Jack made no reply. He was still trying to get his bearings. Where—and how close—was he? And how close was his musket?

“Please,” the voice said, feebler now. “I don’t...”

The moon appeared from behind the clouds, and Jack could just make him out in the semidarkness. Surprisingly, he was sitting upright, leaning against the wheel of a broken caisson. And he was farther out into the open field than Jack was willing to go.

“Wait!” the man said sharply when Jack was about to move away again. “I’m shot. Don’t leave me...out here. Please...”

Jack hesitated, his head bowed. This man was nothing to him. Nothing. For all he knew, he was the one who had shot him.

The soldier was weeping now, his sobs carrying eerily into the night.
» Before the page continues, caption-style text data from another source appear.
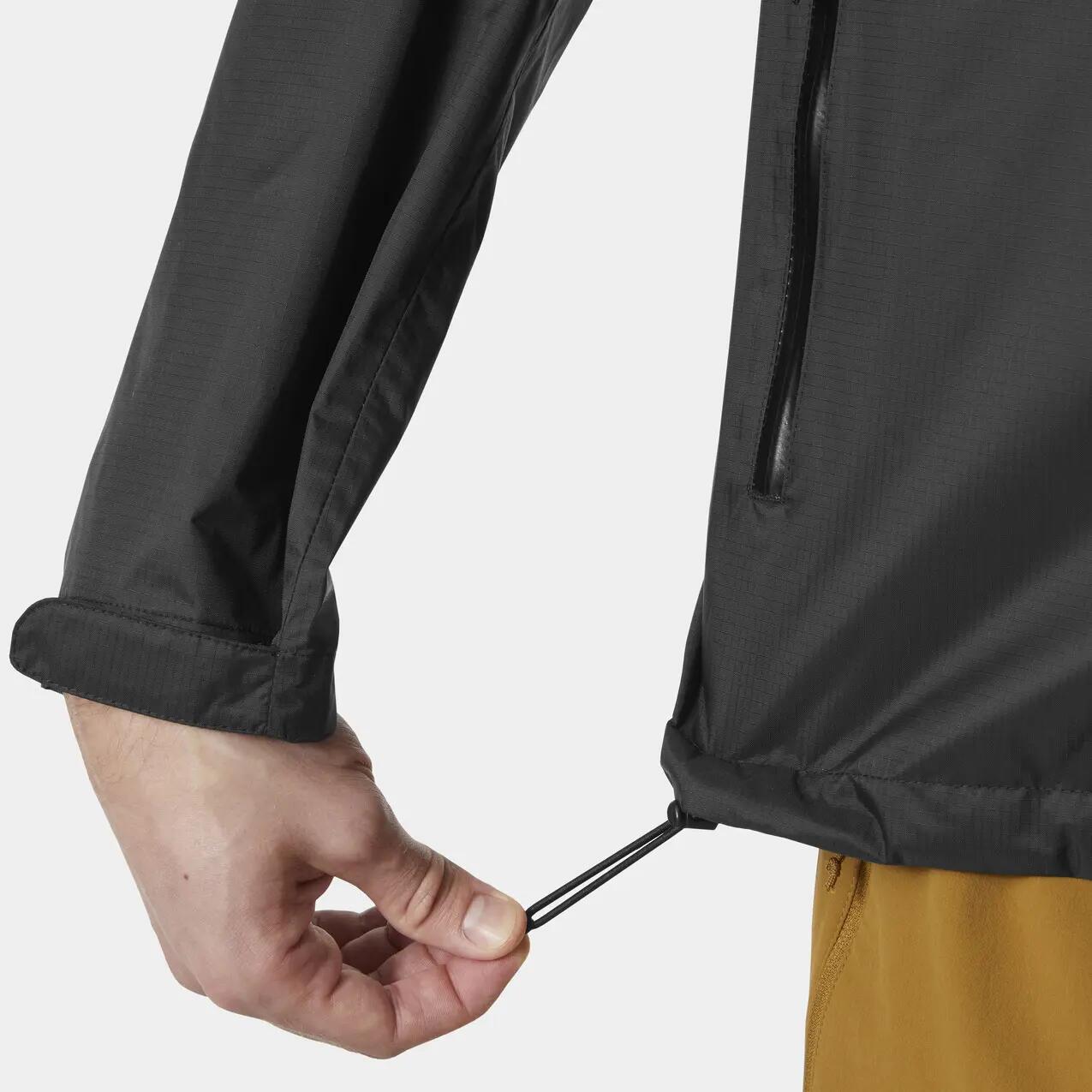 Casaco para caminhadas Helly Hansen Loke Terra 6/6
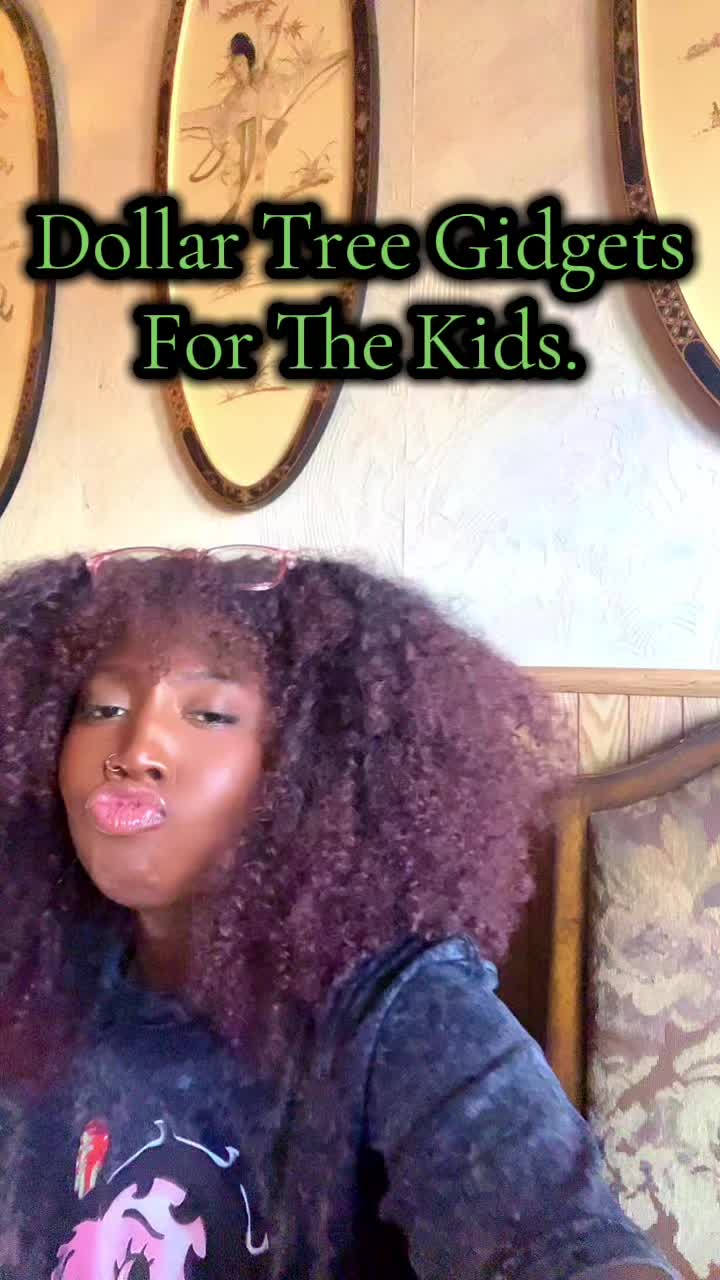 @BS Creates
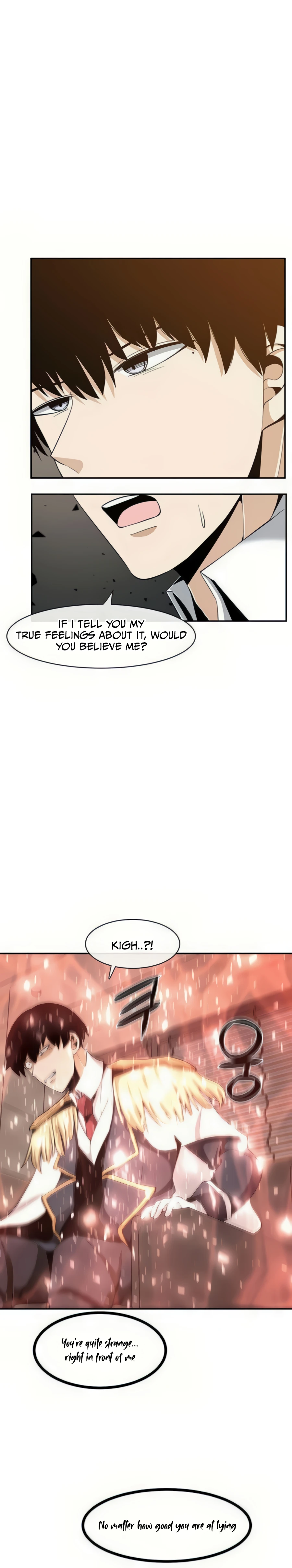 Page 21 of Chapter 26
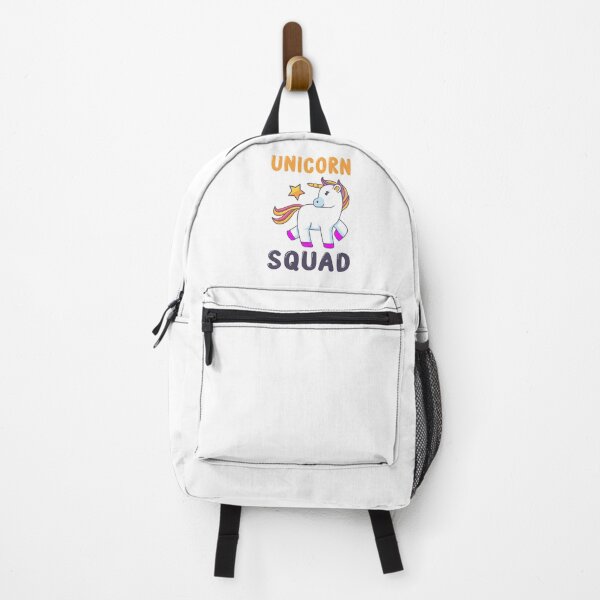 Item preview, Unicorn Squad designed and sold by infleims.
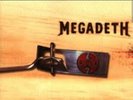 Factory Sealed Megadeth Risk Vinyl Free First Class Shipping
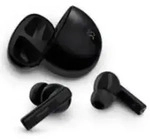 Philips True Wireless In-Ear-Kopfh&ouml;rer Schwarz Kopfh&ouml;rer 20 KHz Bluetooth 5 40 g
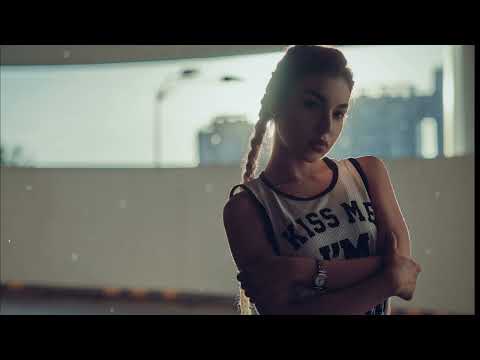 Minelli feat Gran Error - Dont u Worry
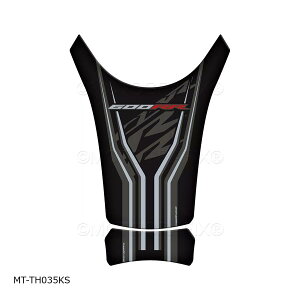 gOtBbNX ^Npbh CBR600RR MT-TH035KS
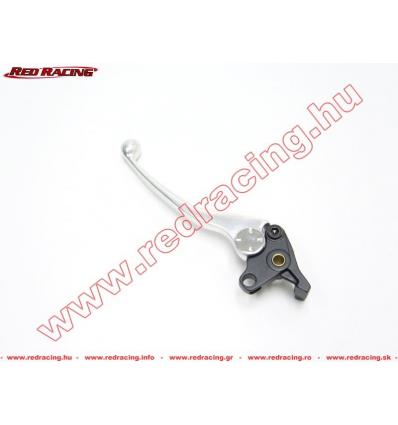 VICMA KUPLUNGKAR 74941 (EZÜST) / BAL / BMW G 450X 07- / KAWASAKI KX F 450 06-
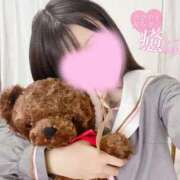 ヒメ日記 2025/06/09 22:11 投稿 なっちゃん チューリップ姫路店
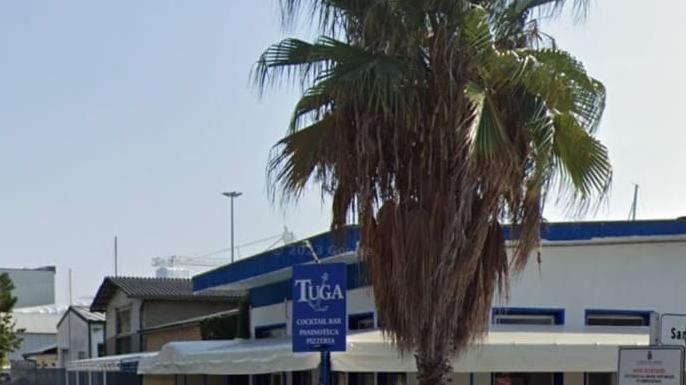 Marina di Carrara, la Tuga riaprirà e tutti la vogliono in gestione: ecco il bando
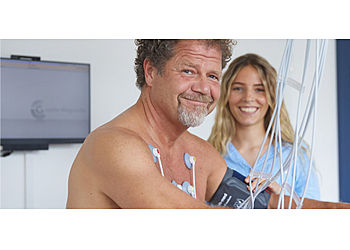 Dr. med. Mihret Löwe photo Dr. med. Mihret Löwe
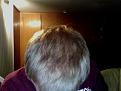 Click image for larger version

Name:	Photo on 2010-11-14 at 22.55.jpg
Views:	485
Size:	96.1 KB
ID:	432762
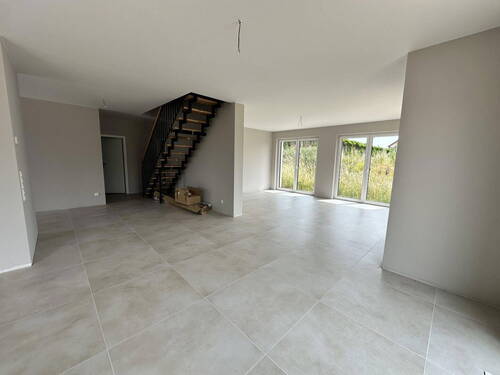 Bild 6 - 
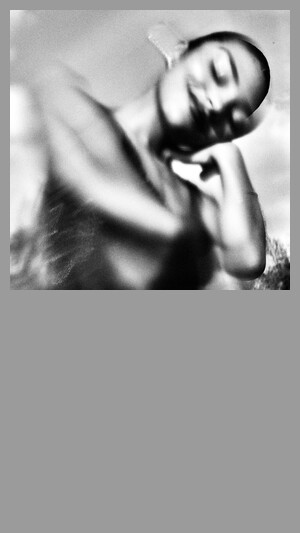 Olivia Dean - So Easy (To Fall In Love)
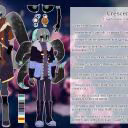 _Crescent_sans_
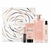 SET IDOLE EDP 100 ML + BODY CREAM 50 ML + EDP 10 ML + MINI MASCARA LASH IDOLE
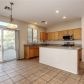 9033 Cerniglia Street, Las Vegas, NV 89143 ID:15239586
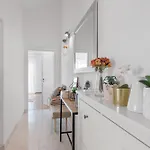Apartman Petrina Sveti Filip i Jakov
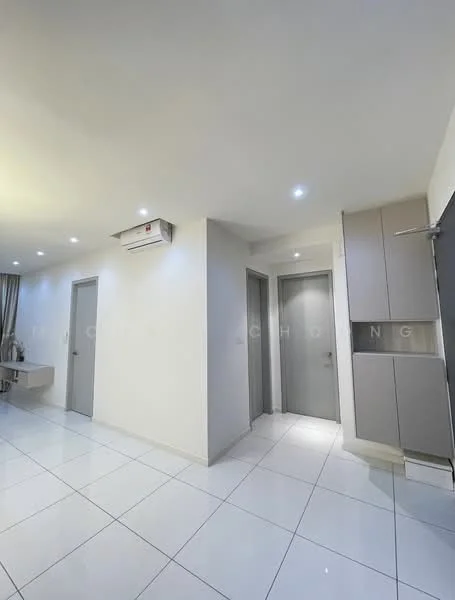 Emerald 9, Batu 9, Cheras — view 2 of 5 in Emerald 9 — for Rent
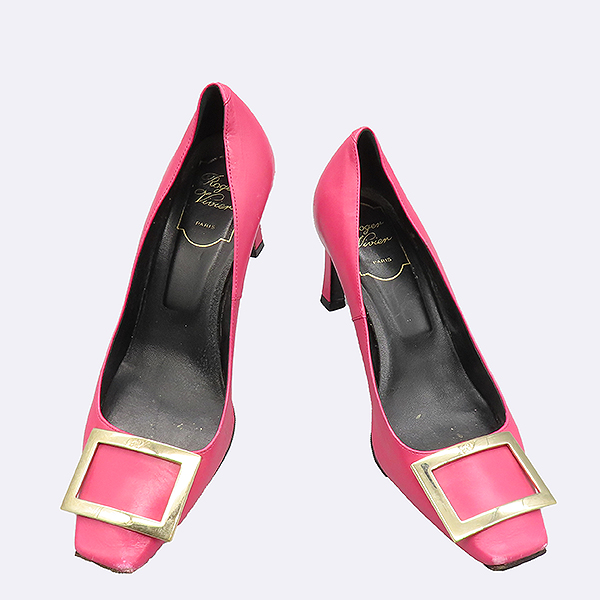 ������� �÷���Ʈ ��� ������ ����  K0117RGV - ���̺��� �߰���ǰ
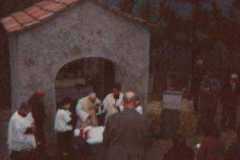 55506890_119323019223716_8602450955629232128_n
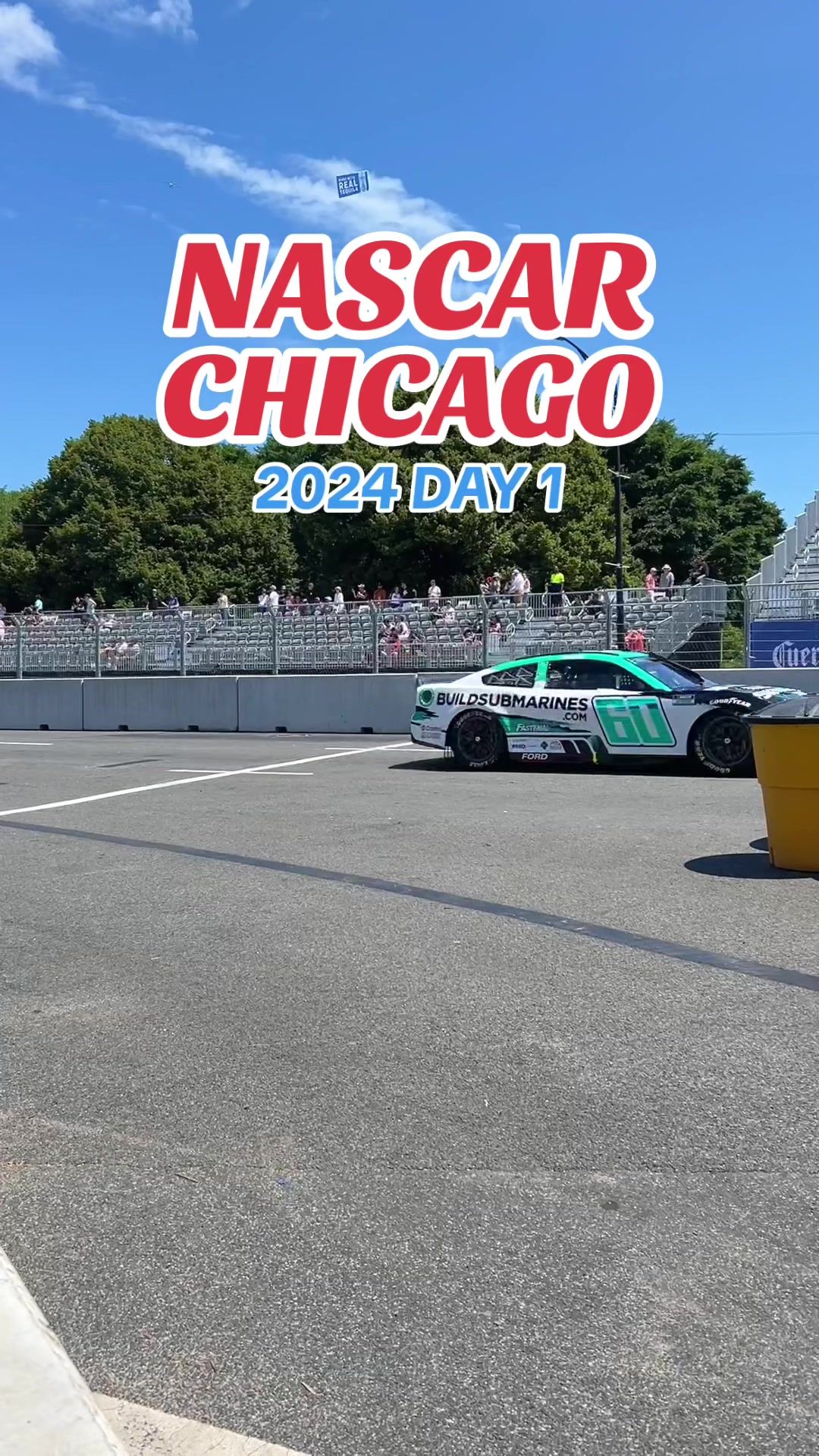 Video post by @explorechicago on TikTok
Jack waited, knowing if he waited long enough, he wouldn’t have to make the choice.

“Have...mercy...” the man said, the words suddenly lost in a near animal-like moan.

Jack clenched his fists. How many times had he been in this kind of situation no matter where he found himself? The orphanage. Mr. Barden’s dry goods store. The army. Always when he least expected it, a sudden choice between right and wrong would be staring him right in the face. It was as if his life were some kind of classroom, one where he was supposed to learn the principles of moral rectitude—and he was always getting called on.